[Opening RECORD SET section]
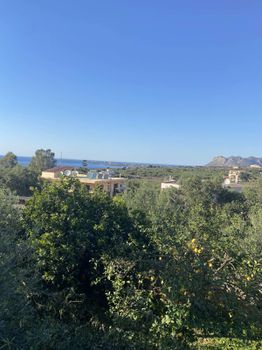 Διαμέρισμα 139 τ.μ. για πώληση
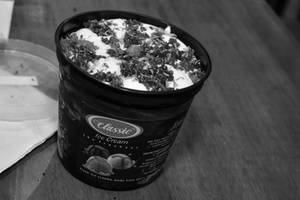 Meetha Paan Ice Cream [70 grams]
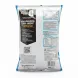 Back of Doritos Cool Original Flavour Corn Chips packaging with ingredients and nutrition information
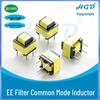 EE10 Common Mode Filter Inductor, 10MH To 50MH, 5*9 Pin Pitch
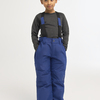 Nordbjørn Orsa Skihose, Twilight Blue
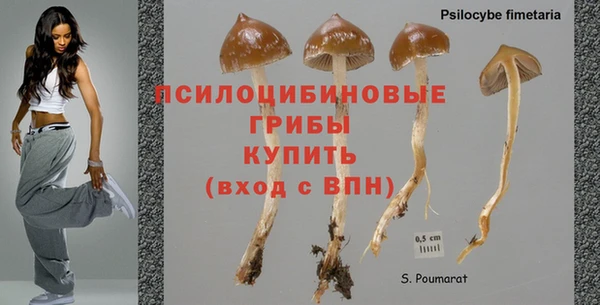 эйфоретик Абдулино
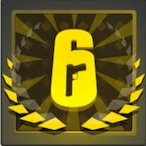 Z-_Aquilles__-Sz's Avatar'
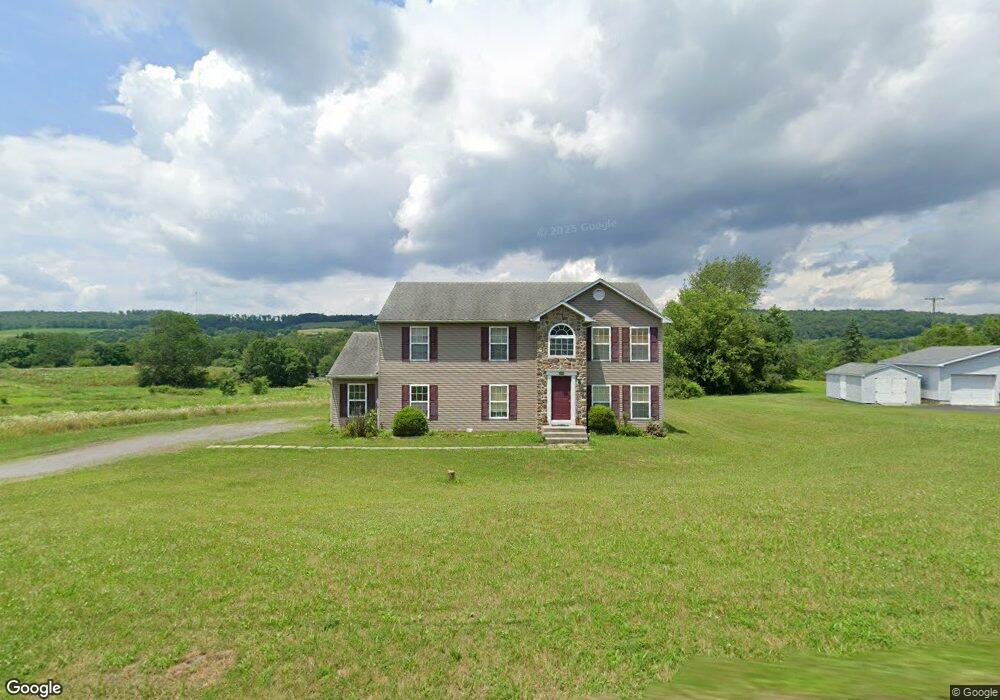 129 Mill Dr, Tamaqua, PA 18252 - photo 1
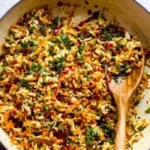 easy 20 minute chicken and cabbage skillet 2026 07 06 163342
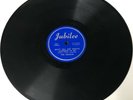 Orioles 78 Don't Tell Her What Happened / Baby Please Don't Go JUBILEE VG+++/M-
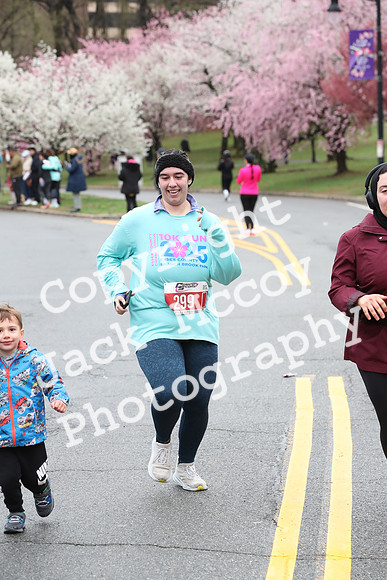 Finish_1605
[Closing RECORD SET section]
TASK TO COMPLETE | The reply should contain all of the data above, word for word, with no pictures.

SOLUTION FOR THIS PROBLEM |
 Διαμέρισμα 139 τ.μ. για πώληση
 Meetha Paan Ice Cream [70 grams]
 Back of Doritos Cool Original Flavour Corn Chips packaging with ingredients and nutrition information
 EE10 Common Mode Filter Inductor, 10MH To 50MH, 5*9 Pin Pitch
 Nordbjørn Orsa Skihose, Twilight Blue
 эйфоретик Абдулино
 Z-_Aquilles__-Sz's Avatar'
 129 Mill Dr, Tamaqua, PA 18252 - photo 1
 easy 20 minute chicken and cabbage skillet 2026 07 06 163342
 Orioles 78 Don't Tell Her What Happened / Baby Please Don't Go JUBILEE VG+++/M-
 Finish_1605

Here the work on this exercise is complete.